**DATA SHOWN**
_ _ _ _

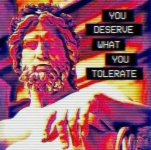 1782660876545.png
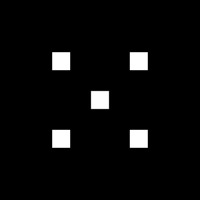 Garrixon logo - Similar company to Rise Cycle Co.
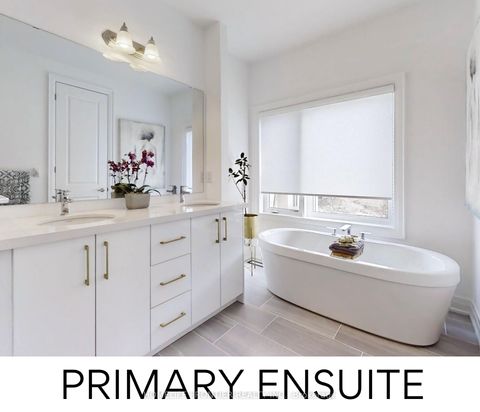 Photo 18 at 40 Chiara Rose Lane, Oak Ridges, Richmond Hill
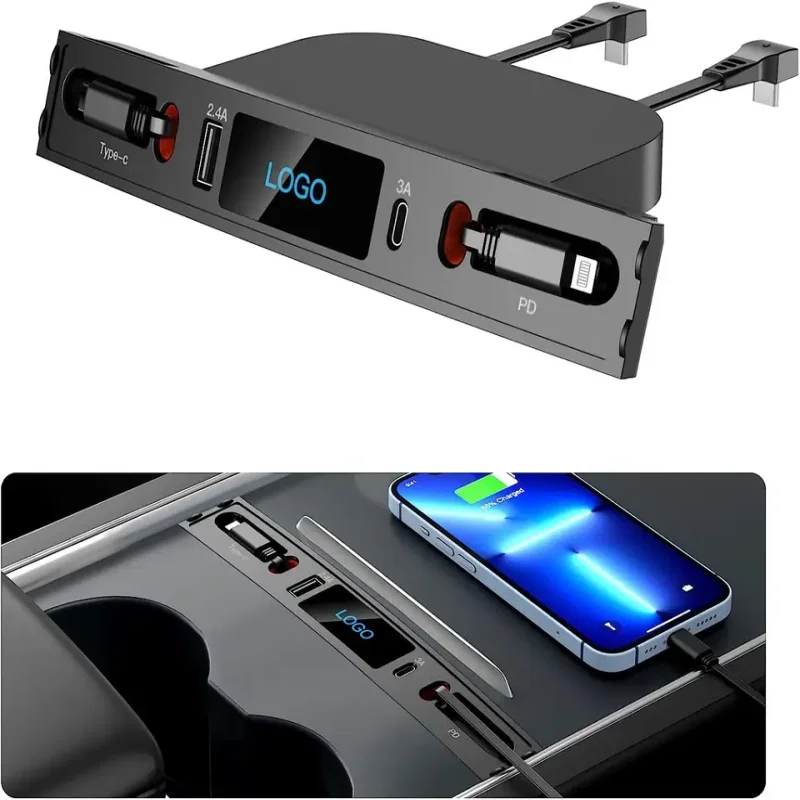 AmongIntelligent USB Shunt Hub with Quick ChargIntelligent USB Shunt HubIntelligent USB Shunt Hub with Quick Charge & LED Senso
AmongIntelligent USB Shunt Hub with Quick ChargIntelligent USB Shunt HubIntelligent USB Shunt Hub with Quick Charge & LED Senso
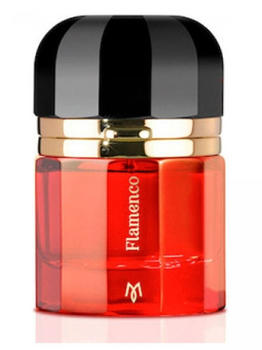 Ramon Monegal Flamenco Eau de Parfum (100ml)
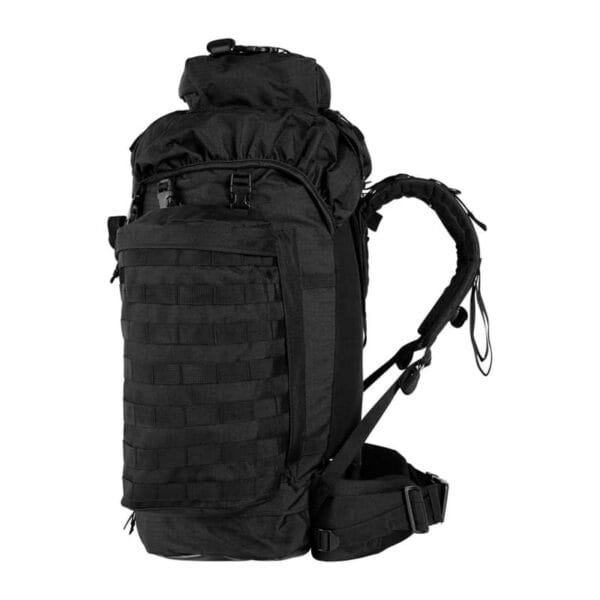 sac-a-dos-cambat-100L-ares-noir-4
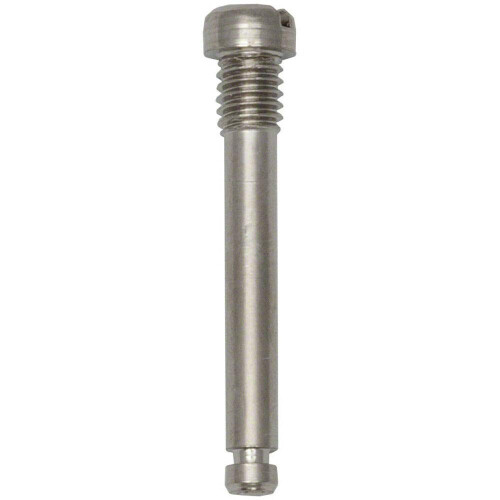 Shimano Shimano XTR BR-M985 Pad Axle & Snap Ring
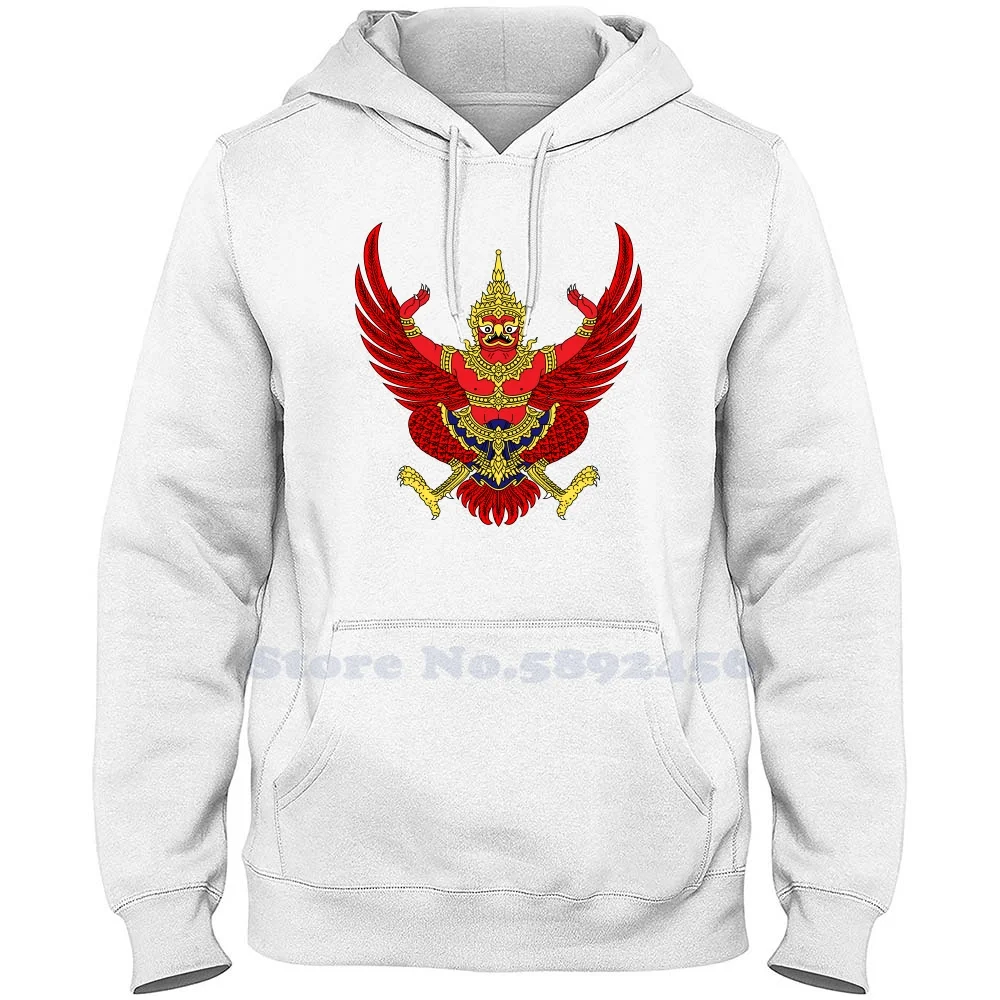 Thailand Brand Logo 2023 Sweatshirt Hoodie Top Quality Graphic Hoodies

_ _ _ _

**WHAT YOU ARE ASKED TO DO**
The answer should be the records above, unchanged, with the pictures omitted.

**ANSWER BOX**
 1782660876545.png
 Garrixon logo - Similar company to Rise Cycle Co.
 Photo 18 at 40 Chiara Rose Lane, Oak Ridges, Richmond Hill
 AmongIntelligent USB Shunt Hub with Quick ChargIntelligent USB Shunt HubIntelligent USB Shunt Hub with Quick Charge & LED Senso
AmongIntelligent USB Shunt Hub with Quick ChargIntelligent USB Shunt HubIntelligent USB Shunt Hub with Quick Charge & LED Senso
 Ramon Monegal Flamenco Eau de Parfum (100ml)
 sac-a-dos-cambat-100L-ares-noir-4
 Shimano Shimano XTR BR-M985 Pad Axle & Snap Ring
 Thailand Brand Logo 2023 Sweatshirt Hoodie Top Quality Graphic Hoodies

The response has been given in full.